CREATE DICTIONARY user_info(
user_id UInt86,
user_name String,
user_address String
)
primary key(user_id)
SOURCE(MYSQL(
host '[localhost](http://localhost/)'
user 'root'
password 'root'
db 'db_name'
table 'table_name'
));
  1. Query the existing dictionary.
SHOW DICTIONARIES;
  1. Inquire about the SQL statement utilized for creating the dictionary user_info.
SHOW CREATE DICTIONARY user_info;
  1. Delete the Dictionary user_info.
DROP DICTIONARY user_info;

You can use the dict_get(dict_name, dict_field, dict_id) to query data from a dictionary.

The dict_get function takes three arguments: the first is the name of the dictionary, the second is the field to query, and the third is the ID of the query dictionary.

Reference-level explanation

The relevant metadata of the DICTIONARY is stored in the meta module of Databend and is used to retrieve the necessary information when executing SQL queries.

Use protobuf to encode the data

Protocol Buffers (Protobuf), a sophisticated data serialization framework, provides a suite of benefits that are particularly advantageous for high-performance computing environments. Its capabilities include the efficient storage of data in a compact binary format, rapid serialization and deserialization processes, cross-language support, and a well-defined schema for data structures.
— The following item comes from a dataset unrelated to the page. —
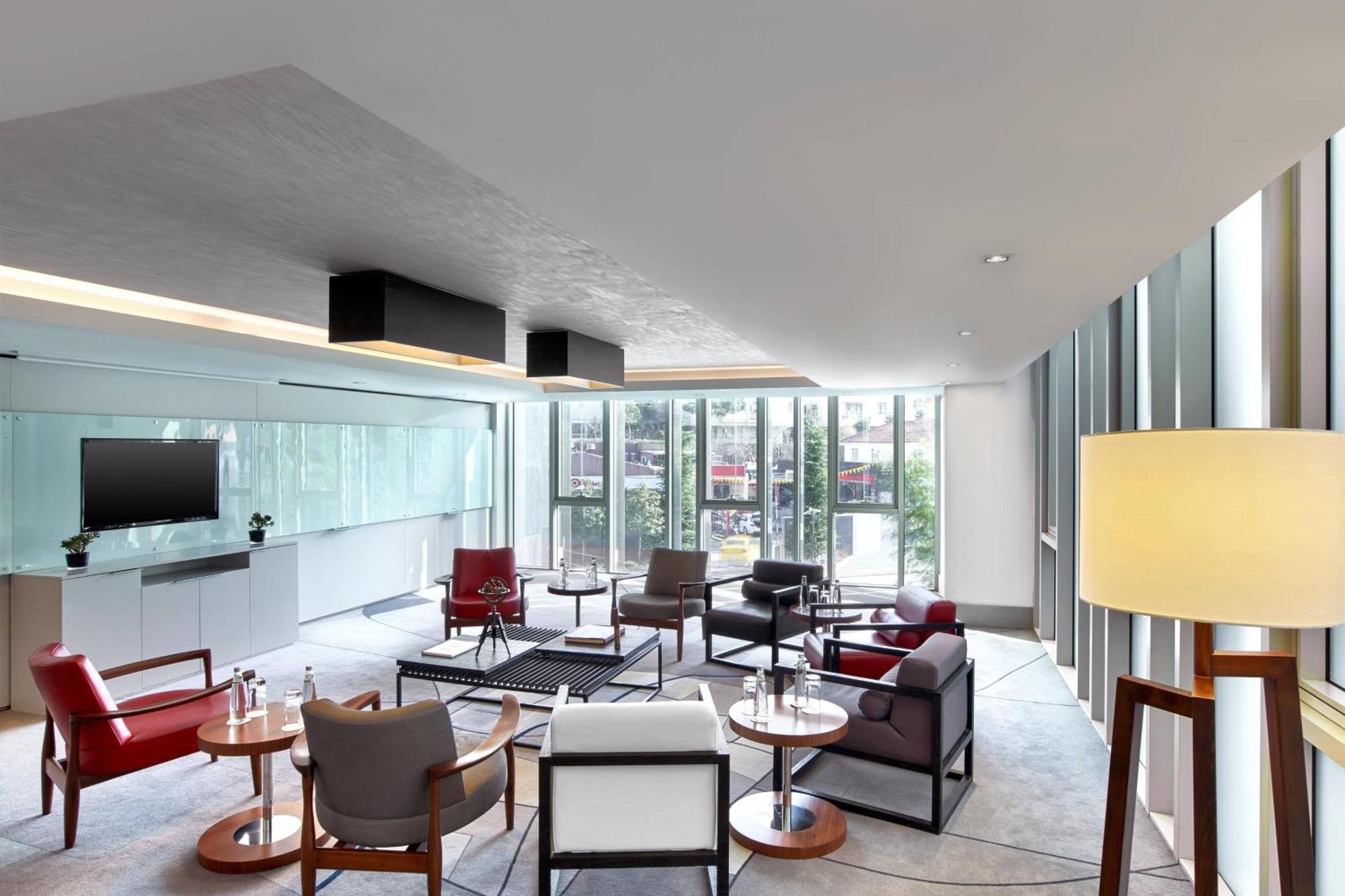 Le Meridien Istanbul Etiler Luaran gambar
Therefore, Databend uses Protobuf to encode the data and convert the binary results to the database.

An exemplar Protobuf structure, which encapsulates the essence of this technology, is articulated as follows:

syntax = "proto3";
package databend.meta;
//Describes the metadata of the dictionary
message DictionaryMeta {
//Dictionary name
string name = 1;
//Dictionary data source
string source = 2;
//Dictionary configuration options
map<string, string> options = 3;
//The schema of a table, such as column data types and other meta info.
DataSchema schema = 4;
//ID of the primary key column
u32 primary_column_id = 5;
}

Query the data of the DICTIONARY

Define DictionaryAsyncFunction in the async_function module to facilitate asynchronous reading of external data.
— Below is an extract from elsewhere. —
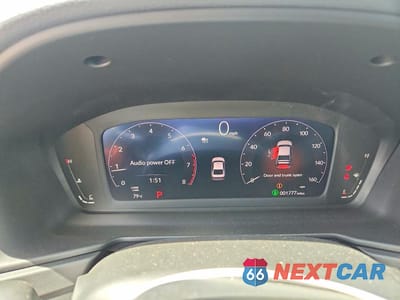 Zdjęcie 9 z 12 samochodu: 2026 HONDA ACCORD SE VIN:1HGCY1F47TA019750 - miniatura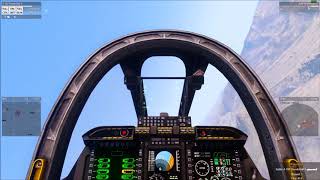A10 CAS Arma 3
enum DictionarySourceEngine {
MySQL,
PostgreSQL,
..
}
pub struct DictionaryAsyncFunction {
engine: DictionarySourceEngine,
// dictonary address, for examaple: mysql://root:123@0.0.0.0:3306/default
url: String,
// sql to get the value from source table.
// for example: select name from user_info where id=1;
query_sql: String,
return_type: DataType,
//Specify the maximum time to attempt a connection to the data source.
connection_timeout: std::time::Duration,
//Specify the maximum execution time for the query operation.
query_timeout: std::time::Duration,
//Used to store additional parameters that the query might require, such as the values for placeholders in the SQL query.
params: Vec<ParameterValue>,
}

Rename AsyncFunction in the async_function module to AsyncFunctionDesc to avoid naming conflicts with the logical and physical plan of AsyncFunction. Additionally, include DictionaryAsyncFunction. The definition is as follows:

pub enum AsyncFunctionDesc {
SequenceAsyncFunction(SequenceAsyncFunction),
DictonaryAsyncFunction(DictionaryAsyncFunction),
}

Update the AsyncFunction definition in both the logical and physical plans by adding the AsyncFunctionDesc field. This process reuses existing logic for generating dictionary AsyncFunction logical and physical plans.
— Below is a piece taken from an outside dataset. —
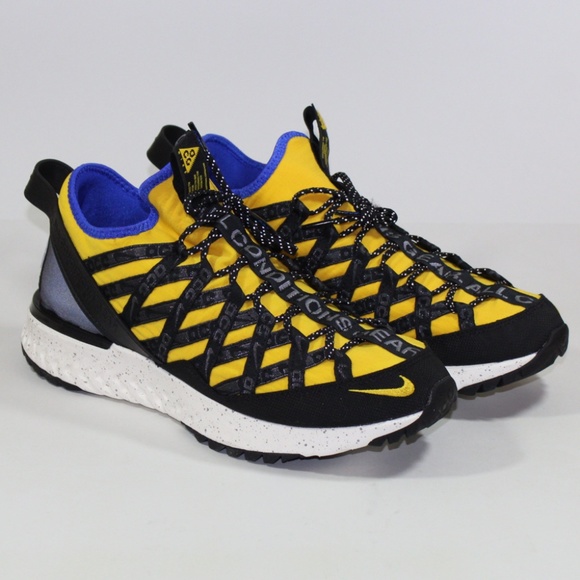 Nike ACG React Terra Gobe Hiking Shoes - Picture 4 of 6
  • The struct of logical plan is as follows:
pub struct AsyncFunction {
pub func_name: String,
pub display_name: String,
pub arguments: Vec<String>,
pub return_type: DataType,
pub index: IndexType,
pub desc: AsyncFunctionDesc,//Newly added property
}
  • The struct of physical plan is as follows:
pub struct AsyncFunction {
pub plan_id: u32,
pub func_name: String,
pub display_name: String,
pub arguments: Vec<String>,
pub return_type: DataType,
pub schema: DataSchemaRef,
pub input: Box<PhysicalPlan>,
pub stat_info: Option<PlanStatsInfo>,
pub desc: AsyncFunctionDesc,//Newly added property
}

The Transform in the pipeline, where the actual reading of external data takes place, can be defined as follows:

pub struct TransformDictionary {
ctx: Arc<QueryContext>,
dict_func: DictionaryAsyncFunction,
}

Implement the transform method of the AsyncTransform trait and call an external database to obtain dictionary data. The main process is illustrated in the following diagram:

Flowchart of getting external data

The execution process of the dict_get function is summarized in the following diagram:

Flowchart of the dict_get

Unresolved questions

  • Can algorithms be employed to improve the speed of data dictionary queries?

Future possibilities

  1. Users can connect multiple types of data sources through the External Dictionary to perform real-time operations on various data endpoints from the same client, such as files, HTTP interfaces, and additional databases like ClickHouse, Redis, MongoDB, etc.

    For example, if the data source is a local CSV file:

CREATE DICTIONARY dict_name
(
... -- attributes
)
SOURCE(FILE(path './user_files/os.csv' format 'CommaSeparated')) -- Source configuration
  1. Add more functions for operating data dictionaries, such as dict_get_or_default, dict_get_or_null, dict_has, etc.

    For instance, dict_get_or_default(dict_name, dict_field, dict_id, default_value) includes an additional parameter for the default value to be returned if the target data is not found.

  2. Support configuring the built-in dictionary using the TOML format.

Reference

Clickhouse Dictionary